A rotational damper is a component that slowly closes a toilet lid, for example, by generating torque through the viscous resistance of oil or hydraulic pressure produced by rotating the internal mechanism. There are two types of rotary dampers with different structures. One is a continuous rotation damper that obtains shear resistance by stirring a viscous body while maintaining a certain space, and the other is a partial rotation angle damper that obtains high hydraulic pressure by intentionally pouring a viscous body into a narrow area. On the other hand, a linear damper is a mechanical component that slowly closes a sliding door, for instance, using a compressive force in a linear direction. Rotational dampers rotate in a circumferential direction, while linear dampers can only be moved in a linear direction, so it is necessary to select a product suitable for the damper’s operational image and mounting space. Depending on the mounting method, the rotary damper can be changed from rotational to linear motion.

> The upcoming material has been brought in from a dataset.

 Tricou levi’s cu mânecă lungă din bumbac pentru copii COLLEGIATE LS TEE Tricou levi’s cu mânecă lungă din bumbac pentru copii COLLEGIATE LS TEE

This article will explain the difference in mechanism between a rotational damper and a linear damper and provide suitable application examples for each type of damper.

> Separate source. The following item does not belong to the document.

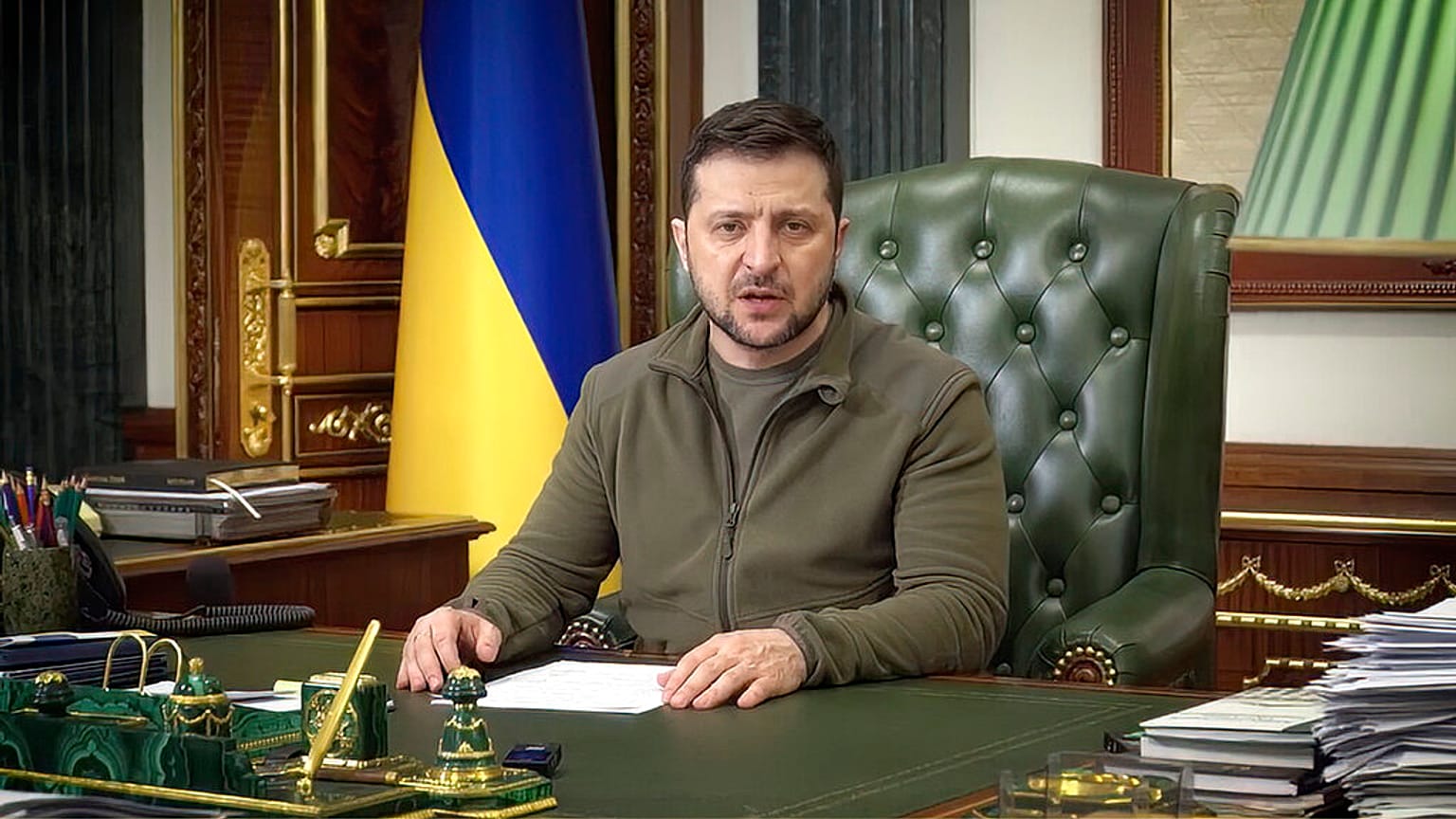 Der ukrainische Präsident Wolodymyr Selenskyj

Difference in mechanism between a rotational damper and a linear damper
Rotational dampers are categorized into continuous rotation dampers, which utilize viscous resistance, and partial rotation angle dampers, which employ compressive force. Continuous rotation dampers generate torque by agitating oil, while partial rotation angle dampers are designed to produce torque by directing oil through a narrow channel. In both cases, rotary dampers typically have fewer components compared to linear dampers.

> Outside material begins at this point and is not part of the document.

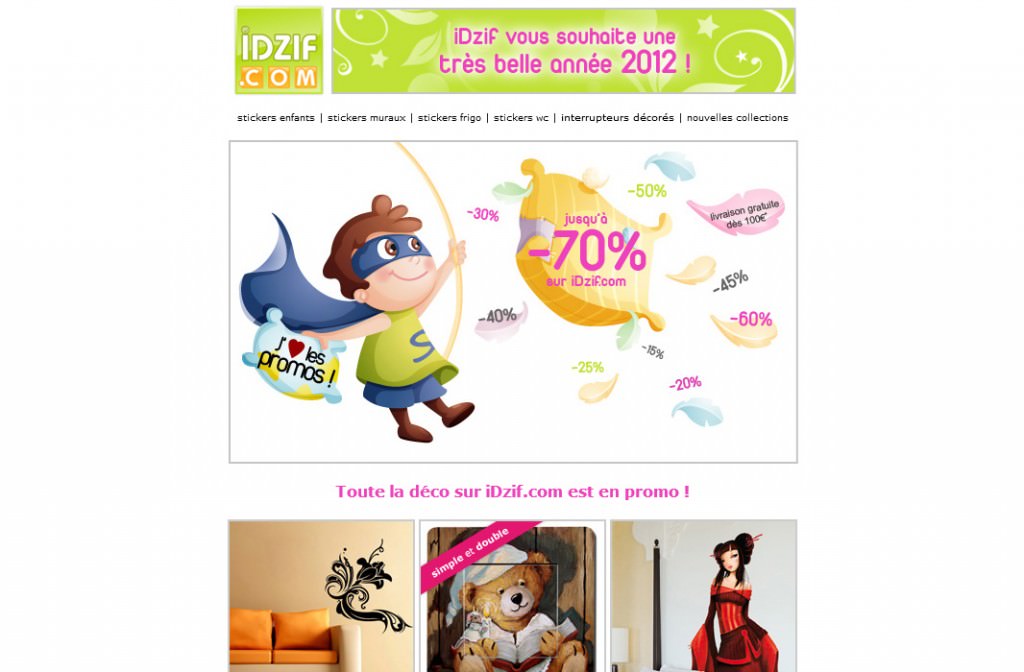 iDzif - Promos de janvier iDzif - Promos de janvier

Conversely, linear dampers, which utilize compressive force, require additional components that rotational dampers do not possess, such as springs, resulting in a higher number of parts than rotational dampers. A spring serves the purpose of restoring a pushed shaft to its original position and also acts as a resistance element. While linear dampers can absorb relatively larger forces, they require more stroke to push oil, which tends to increase their overall length.
Suitable application examples for a rotational damper and a linear damper
Rotational Dampers: Application Examples and Features
Rotational dampers are well-suited for products that open and close with a center of rotation and require high damping force during closure, such as toilets, pianos, and trash can lids equipped with hinges. Due to their simple attachment to the rotational axis, they can effectively slow down the movement with a straightforward mechanism. The product is integrated into the center of rotation, maintaining a clean and unobtrusive mounting area without compromising the external design. Rotational dampers are also ideal for applications where linear dampers are impractical due to axial dimension restrictions.
In contrast, installing a linear damper can be challenging as it tends to have a longer overall length, making it difficult to attach to the rotational axis. Therefore, it must be affixed at a different position, similar to a stay. This necessitates careful consideration of the mounting position and the addition of mounting parts. Furthermore, depending on the installation method, the appearance and design may be affected. However, if the rotational axis is constrained and there is no space for a rotational damper, a linear damper may be more suitable.
Linear Dampers: Application Examples and Features
Linear dampers are well-suited for mounting on products with linear motion, such as sliding doors, desk drawers, and automobile and motorcycle suspensions. They are utilized for products that are not connected to the center of rotation of the lid and are primarily integrated within a three-point link, making them visible on the product exterior without compromising design or safety. Due to their ability to exert greater shock absorbing capacity than rotational dampers, they are employed in locations where substantial forces are generated, such as sliding doors. Additionally, linear dampers are suitable for applications where the outer diameter of a rotational damper would result in a poor appearance of the mounted product, or where the rod of a linear damper does not obstruct the operation.